Les Allemands doivent se serrer la ceinture mais aussi venir au secours de leurs partenaires moins vaillants où ils aiment tant passer leurs vacances. La faillite d'un Etat reste rarement confinée à ses frontières. En l’occurrence, elle pourrait signer l'arrêt de mort de l'euro, provoquer un chaos monétaire dans toute l'Europe et mettre en péril la stabilitéde tout le continent. C'est comme un jeu de domino, dont la première pièce est tombée le 8 décembre 2009, à Londres. Ce mardi-là, Brian Coulton a rendu son jugement sur la Grèce. Coulton dirige le service d'analyse de l'agence de notation Fitch qui détermine la cote de solvabilité des pays. Dans son ordinateur, une nation se réduit à une rangée de chiffres: taux de croissance, taux d'inflation, niveau d'imposition. Son travail consiste à comparer toutes ces données aux discours des gouvernements et à leur donner une note qui vaut de l'or. La meilleure - AAA - est appliquée à des pays comme l'Allemagne et leur permet d'emprunter des capitaux aux meilleures conditions.

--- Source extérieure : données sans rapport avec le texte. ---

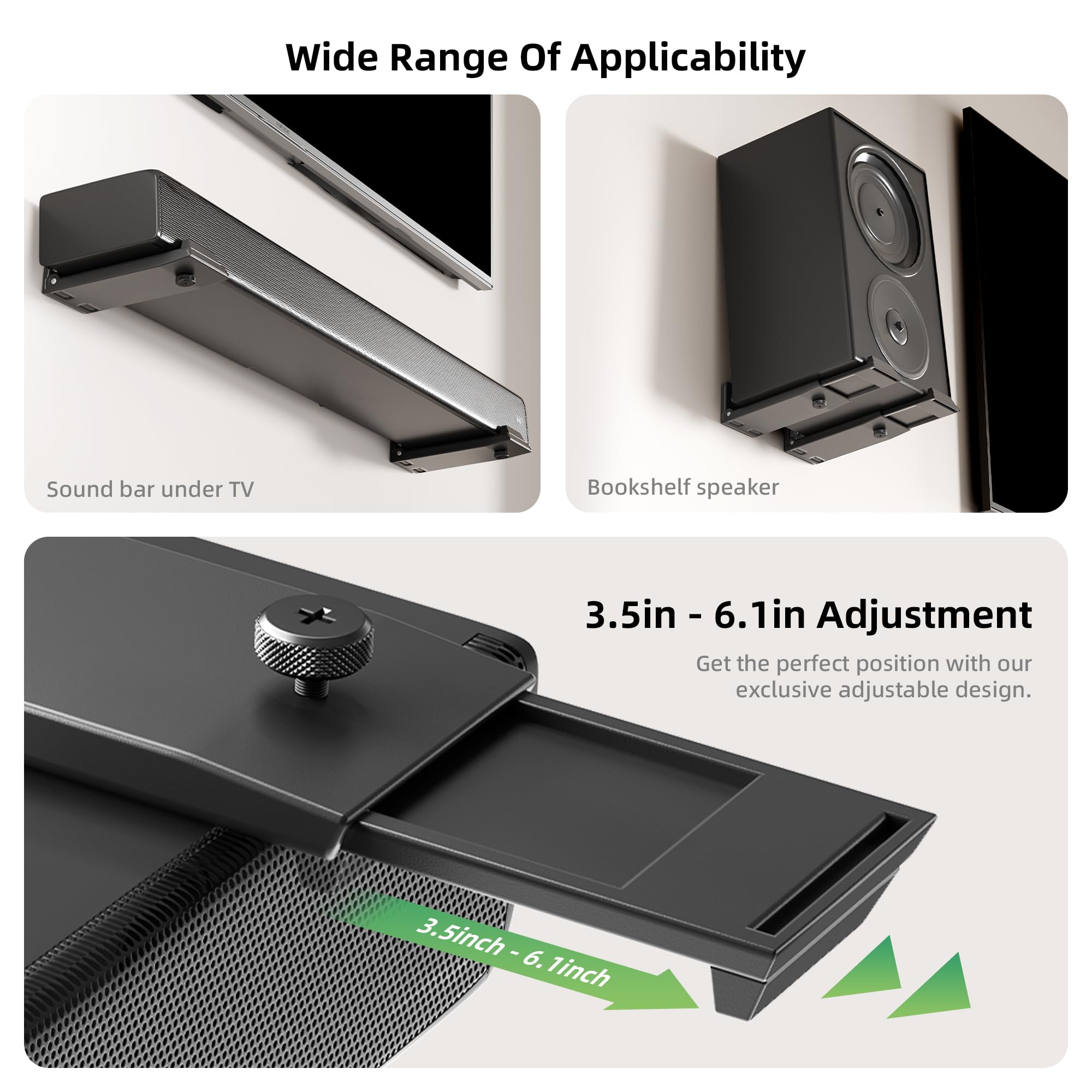 Eletiuo Soundbar Mount,Universal Dual Soundbar Wall Brackets Hold Up To 30 Lbs, Adjustable & Extendable From 3.5   -6.1   ,Compa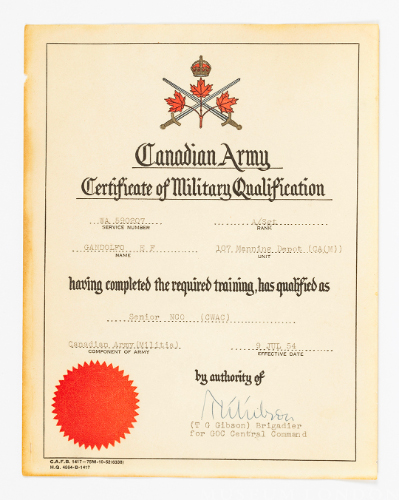 Canadian Army Ceriticate of Military Qualification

Depuis quelques semaines, Brian Coulton est préoccupé par les nouvelles qui lui parviennent d'Athènes. A 13 heures 27, sur l'écran d'une grande banque de Francfort défile le message suivant: "Fitch abaisse la note de la Grèce à BBB+ ". La nouvelle s'affiche sur tous les écrans télés branchés sur l'agence financière Bloomberg, autrement dit plusieurs milliers dans le monde : BBB+, cela veut dire "attention, risque de faillite!". Immédiatement, les grands investisseurs commencent à vendre leurs obligations du gouvernement grec. Des dettes importantes ne mènent pas inévitablement au chaos. [Au XIXème siècle, l'Espagne a été en faillite à huit reprises]. Les faillites d'Etat sont dangereuses car leurs conséquences sont difficiles à prévoir. Les pertes rendent les marchés nerveux et la nervosité des marchés n'apporte jamais rien de bon. Les investisseurs se retirent d'autres économies, qui ne sont pas impliquées, pour l'unique raison qu'elles ont une réputation de faiblesse. Et ne prête-on pas des finances instables à la moitié du monde ?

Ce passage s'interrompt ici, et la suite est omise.